Brief →
Copy out exactly, from the entries that follow, the line holding "ネイビー航海のブルーと赤いかりの舵パターン ギフトタグ", the line holding "14k Yellow Gold", and all lines between them, but no pictures.

Provided data →
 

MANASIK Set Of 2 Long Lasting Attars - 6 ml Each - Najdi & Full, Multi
--
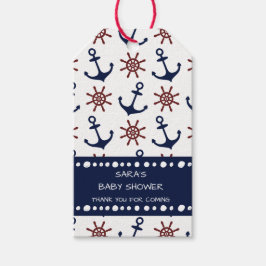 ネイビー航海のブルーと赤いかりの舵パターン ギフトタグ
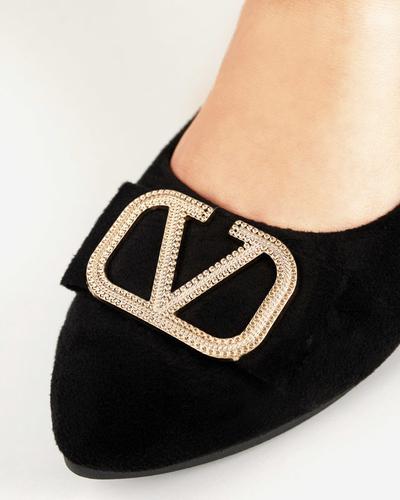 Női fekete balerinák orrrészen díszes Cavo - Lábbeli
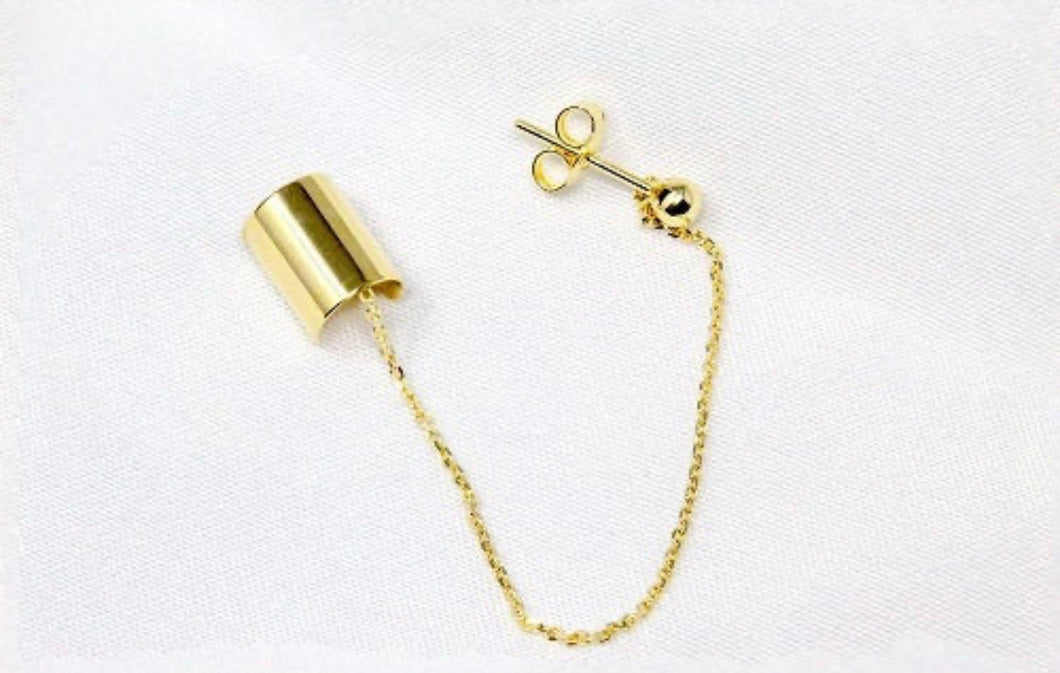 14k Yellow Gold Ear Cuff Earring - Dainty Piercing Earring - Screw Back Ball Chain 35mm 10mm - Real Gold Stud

Answer section →
 ネイビー航海のブルーと赤いかりの舵パターン ギフトタグ
 Női fekete balerinák orrrészen díszes Cavo - Lábbeli
 14k Yellow Gold Ear Cuff Earring - Dainty Piercing Earring - Screw Back Ball Chain 35mm 10mm - Real Gold Stud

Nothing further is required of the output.